The mill offered to pay for third-party laboratory testing.  We supplied one piece of damaged carpet and one piece of undamaged carpet.  The lab returned their findings.

Lab Results Proving Damage by Acid

Lab Results Proving Damage by Acid

The problem had nothing to do with Lexmark.  Solution-dyed nylon is exceedingly popular with all of the world's leading carpet mills.  Solution-dyed nylon is the carpet yarn which we most commonly sell to our commercial customers.  Lexmark previously published a report on the damaged caused to yarn by acid cleaners:

"Some tile cleaners contain phosphoric acid, exposure will discolor and damage yarn fibers.  Most mildew removers and shower stall cleaners contain chlorine bleach, studies have shown that long term exposure to bleach can and will cause chemical degradation to the strength and elongation properties of yarn fibers."

We emailed our customer when the lab results arrived and provided a copy.

"A few moments ago, we received the test results from the lab....  The lab tested the affected carpet that we provided and an unaffected control sample.  The test results returned a positive identification of both chlorides and an acidic pH.  (The pH scale ranges from zero to fourteen.  Zero is the most extreme acid; seven is perfectly neutral [i.e., distilled water]; and, fourteen is the most extreme alkaline.)

"If strong acid- or alkaline-based cleaners are used, a neutralizing agent should follow.  Thoroughly rinse the residue from the carpet.  If well rinsed, the powerful cleaning agents would likely have created no damage."
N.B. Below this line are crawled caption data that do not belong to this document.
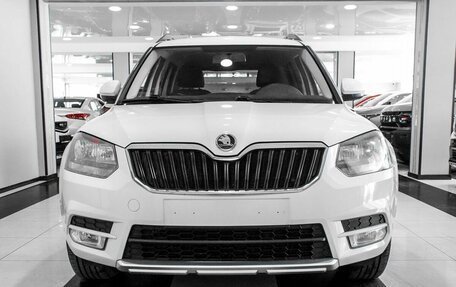 Skoda Yeti I рестайлинг, 2014 год, 1 350 000 рублей, 2 фотография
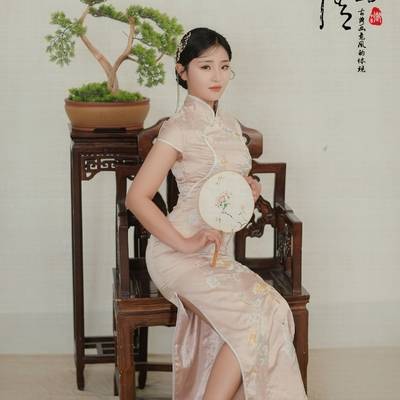 民国模特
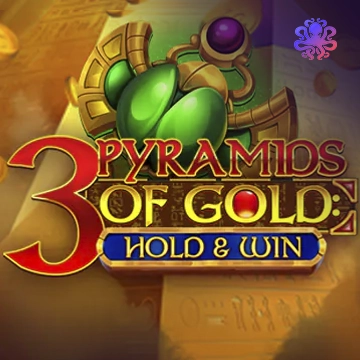 Octoplay : 3 Pyramids of Gold: Hold & Win - BEERSLOT365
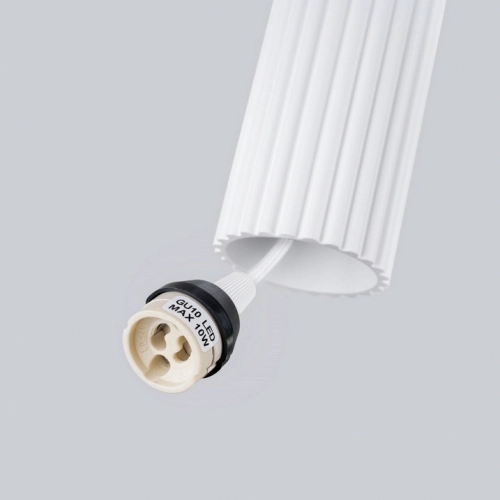 Závěsné svítidlo SOLLUX KARBON 3P bílá GU10 3x10W bez žárovek SL.1538 (obrázek 6)
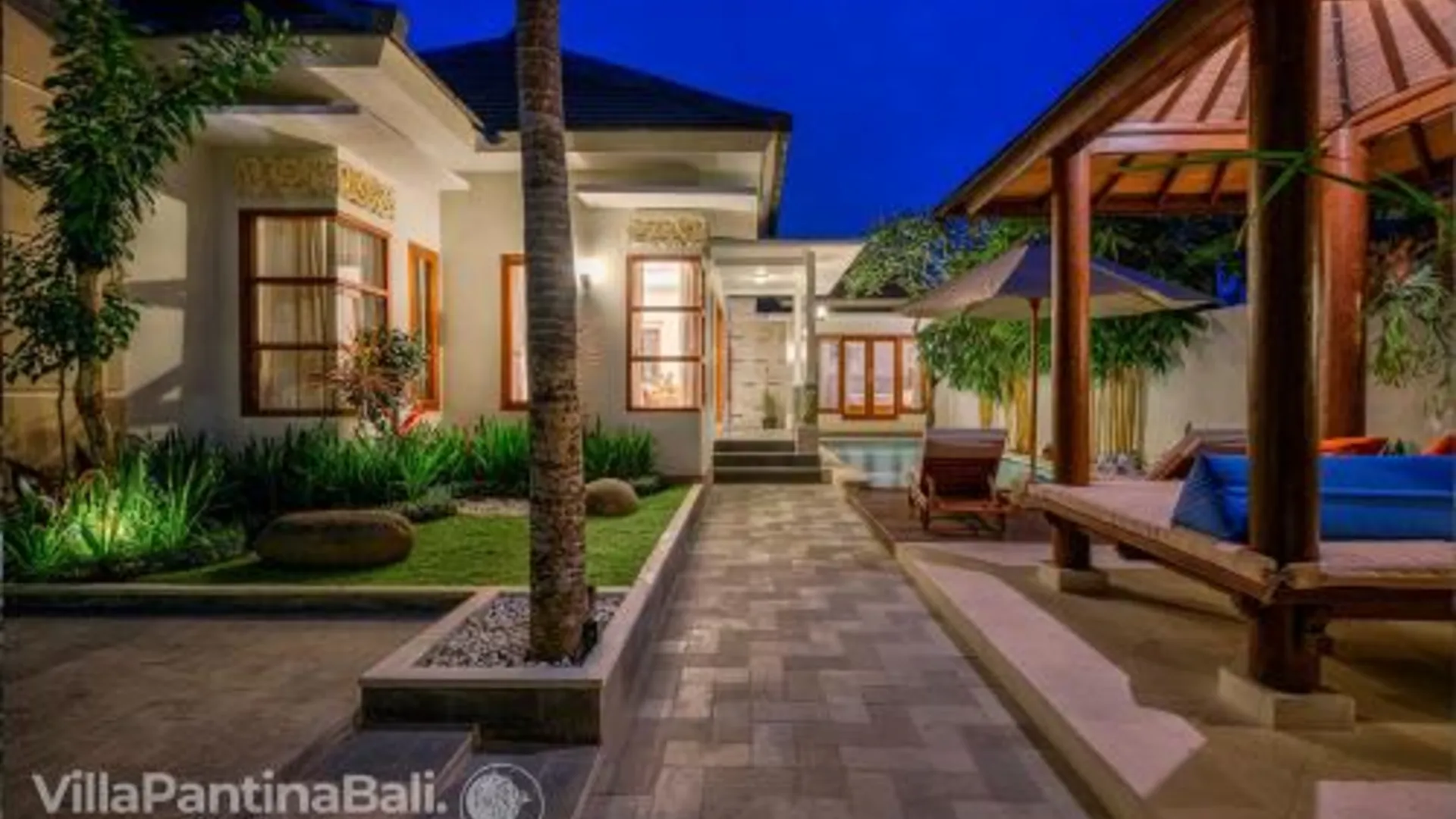 발리 Villa Pantina Bali 4성급 게스트하우스 로비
As indicated by the lab results, the most likely cause was exposure to a powerful acidic cleaner (e.g., a tile and grout cleaner or a mildew remover).  The lack of color loss indicates that bleach was not the cause.  The offending chemical may have been applied at full strength or at a high ratio.  Regardless of distilled concentration and regardless if the application was accidental or intentional, the chemical should have been thoroughly rinsed with water until completely removed.  In most cases, acids do not instantly cause the yarn to become brittle.  It is the lingering residue which degrades the integrity of the yarn.  The misery of the situation was compounded by the fact that the hotel's carpet and tile in the restrooms are cleaned by their in-house maintenance team.


Most of the balding carpet was in the intersecting door drops.  We will have to have the mill make a special run of carpet and supply all new matching cushion.  The solution will take several days and cost thousands.  All of this cosmetic tarnishing, interruption for installation, and cost was because of carelessness or a lack of understanding about chemistry with their in-house maintenance team.